IRAN’S POSITION ON JOINT COMPREHENSIVE PLAN OF ACTION (JCPOA) REVIVAL 2023 BASED ON IDEATIONAL FACTORS
Abstract
This thesis explores the Islamic Republic of Iran’s position in the 2023 revival 
efforts of the Joint Comprehensive Plan of Action (JCPOA), with a focus on the 
ideational foundations that guide its foreign policy behavior. Departing from 
strategic or materialist interpretations, the analysis employs the Occidentalism 
Perspective, and bridges it with Jeffrey Checkel’s theory of ideational foreign 
policy change.

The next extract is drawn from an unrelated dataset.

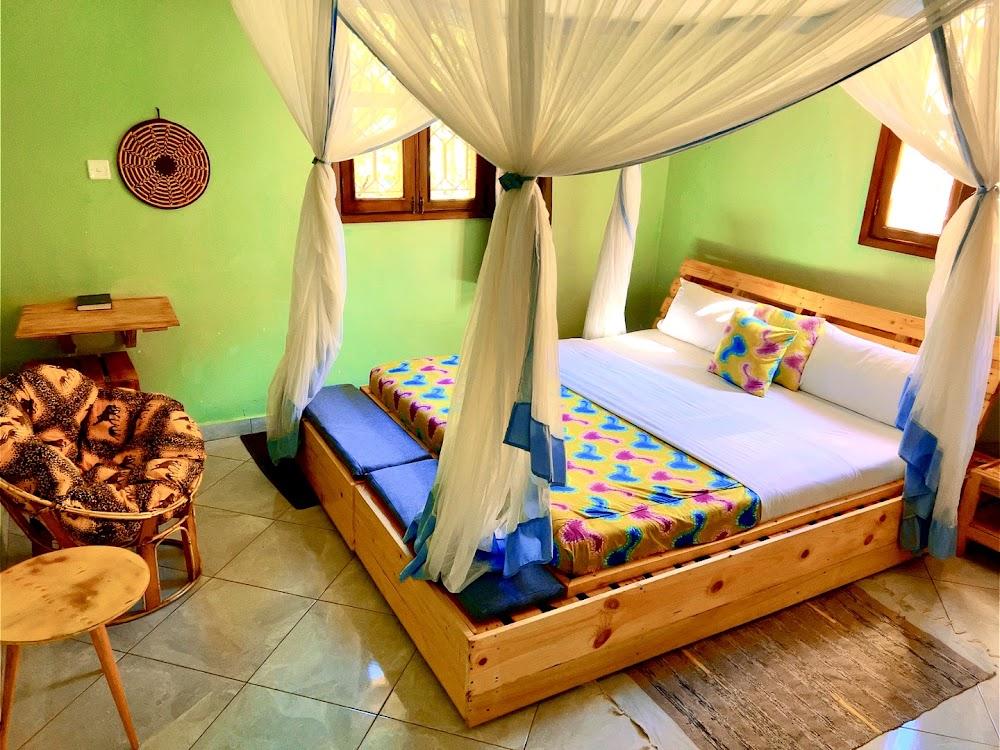 Airport link Guesthouse Entebbe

This framework enables a critical reading of how Iran constructs its 
diplomatic identity in response to Western pressure. The study identifies four 
central ideational dimensions informing Iran’s JCPOA posture: decolonization of 
knowledge, cultural sovereignty, reversal of historical narratives, and 
Occidentalism as a political ideology. Through discourse analysis of leadership 
rhetoric, nuclear diplomacy, and Iran’s evolving international alignments, this 
research argues that Iran’s resistance to the JCPOA revival is not merely strategic 
but also discursive and ideological. The JCPOA is increasingly framed not as a 
neutral legal agreement but as a symbol of asymmetrical norms and epistemic 
domination. By using Occidentalism to analyze Iran’s civilizational stance and 
Checkel’s lens to trace how these ideas become embedded in policy, this thesis 
offers a deeper understanding of non-Western resistance to liberal internationalism. 
It contributes to the field of International Relations by highlighting how political 
identity, historical consciousness, and epistemic sovereignty shape the foreign 
policy choices of postcolonial states.